Provided records:
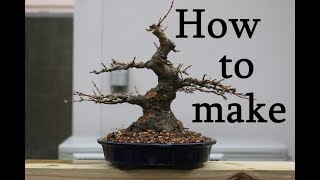 bonsai   how to make   盆栽　楓　作り方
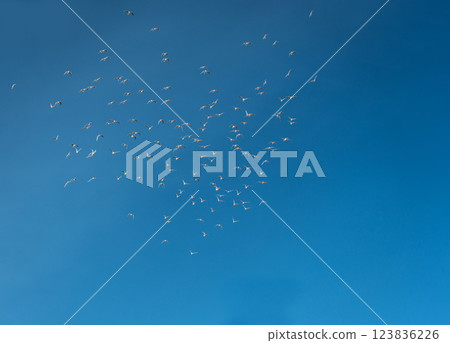large flock of seagulls soaring gracefully against a vast blue sky in dynamic flight large flock of seagulls soaring gracefully against a vast blue sky in dynamic flight 123836226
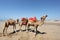 Camels on the beach. Morocco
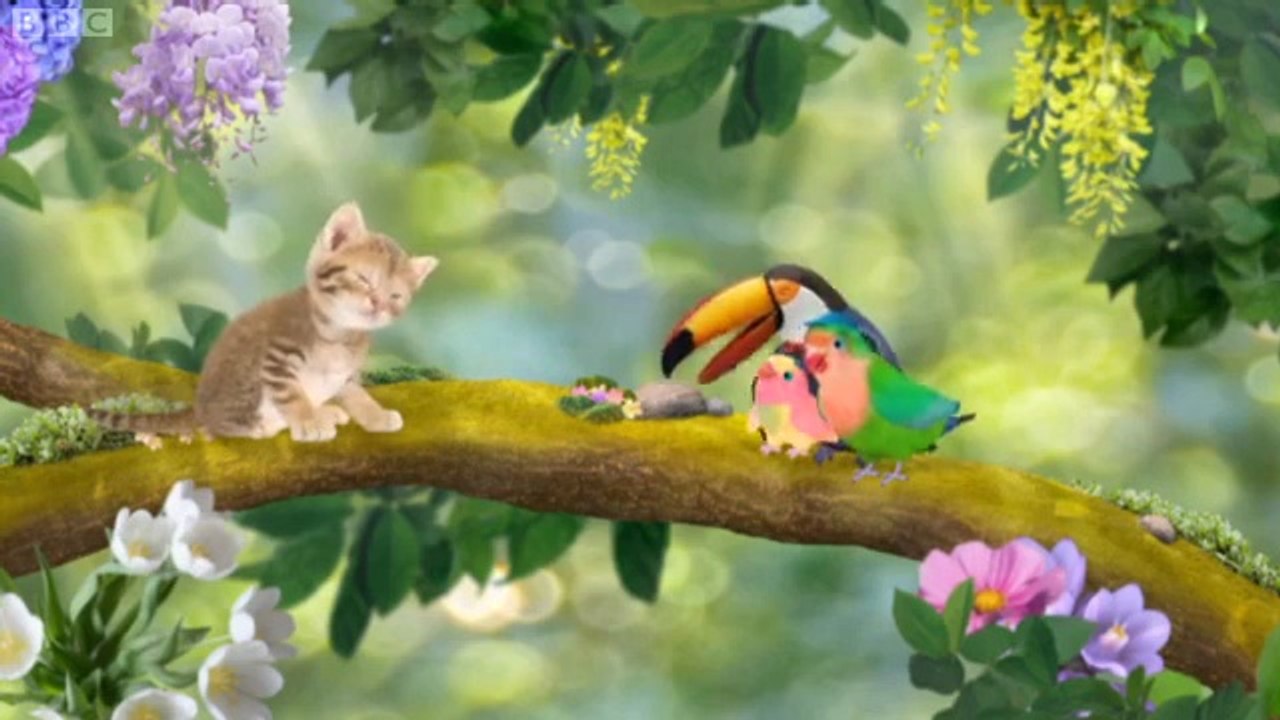 3rd & Bird -  Meow Kitty!
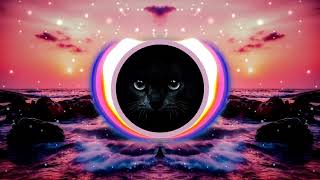 Night Dancer(Imase)(spectrum)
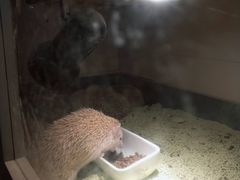 -more than meow吴止猫主题餐厅(承德 中船汇店)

Task brief: Excluding the pictures, retype the line containing "Night Dancer(Imase)(spectrum)" and all lines after it down to the end of the data above.

Written response:
 Night Dancer(Imase)(spectrum)
 -more than meow吴止猫主题餐厅(承德 中船汇店)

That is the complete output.